Friends of Refugees group responds to Kansas City expose’

This is a follow-up to my post the other day about the controversy involving inadequate care of refugees in Kansas City.  I mentioned that there were many comments to the original story at The Pitch.   Below is a comment from Chris Coen of Friends of Refugees—a group we told you about in March 2008, here.  At The Pitch he informs readers about how little monitoring of the refugee program is done by the US State Department.

The way the State Department’s Refugee Admissions Reception and Placement Program monitors local refugee resettlement agencies is to send out two people once in a blue moon to do a monitoring inspection. The ten national refugee agency parent groups are expected to monitor their own local offices, resulting of course in all rosy reports about local agencies (what resettlement agency parent group is going to report wrong-doing by one of their affiliates?).

Based on the number of reports that they sent us in response to our Freedom of Information Act Request (FOIA), the State Department inspections are done at each agency once every 8-11 years. Janice Belz of the refugee admissions program claimed that they make 35 to 50 monitoring trips per year to local resettlement agencies, but the math doesn‘t add up. We put in a FOIA for a 16 month period (July 2002 through October 2003) and received only 12 monitoring reports from the State Dept. If Belz was telling the truth, there should have been 45 to 65 monitoring reports.

The State Department monitors themselves are former employees of the refugee resettlement agencies. It should be noted that the State Department has fairly cozy relationships with the resettlement agencies, which leads to questions about their real ability or willingness to conduct real and neutral oversight. Any problems they report may shed a negative light on the refugee program as a whole and therefore on the State Department. This is why the Congress should be  doing real oversight of the Refugee Admissions Reception and Placement Program, but they do not.

The refugee resettlement agencies are given advance warning of the inspections, allowing things to be cleaned up before the State Department personnel arrive. We heard of one resettlement agency in Texas that prepared for six months for their monitoring inspection, so that leaves in question whether or not the State Department is really getting a clear idea of how resettlement agencies really operate. When the State Department monitors show up they examine the case files that the resettlement agencies must keep on each client, so the monitoring is not based necessarily on how refugees have been treated, but rather by what resettlement agencies claim in writing has happened. Based on those files the monitors select 3-4 refugees families to visit at their home.
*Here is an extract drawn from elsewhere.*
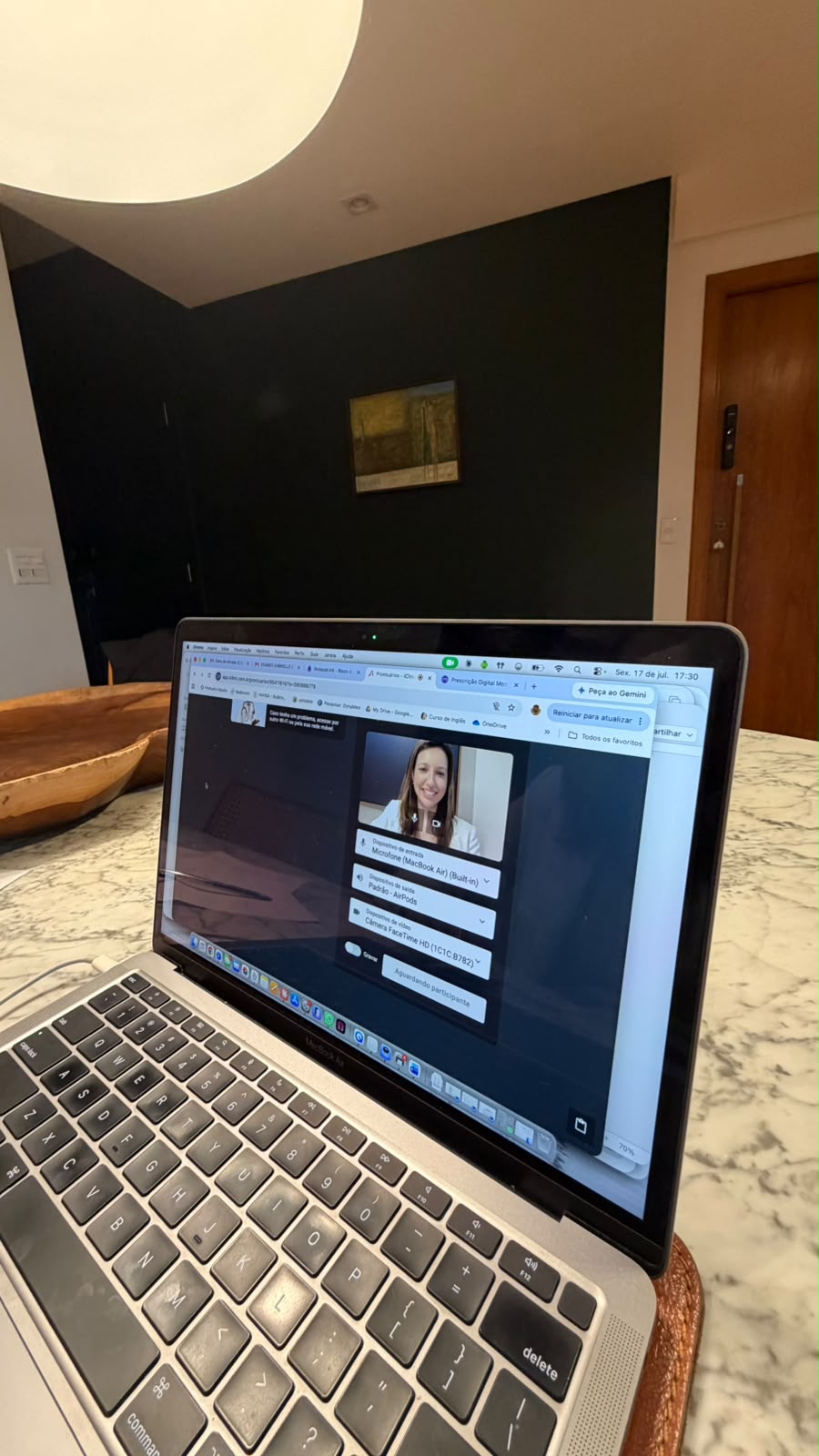 Teleconsulta com a Dra. Carolina Magalhães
The monitors then try to verify from those refugees if the information contained in the resettlement agencies’ case files is accurate and complete, and they ask the refugees about their experiences and how they are doing. Strangely, if the State Department is making a monitoring trip based on complaints from the community they will not visit the refugees that are said to have been neglected. Instead the monitors will again look through the case files and select 3-4 families to visit, so no attempt is made to confirm the accuracy of community complaints. Our group complained about dozens of specific refugee families and refugees in Fargo that were neglected by Lutheran Social Services of North Dakota, but when the State Department monitors finally showed up after a few years they made no attempt to verify any of the complaints Instead they interviewed 3-4 refugee families that reported no specific problems. The State Department monitors were instead highly impressed by the resettlement agency’s use of three-ring binders!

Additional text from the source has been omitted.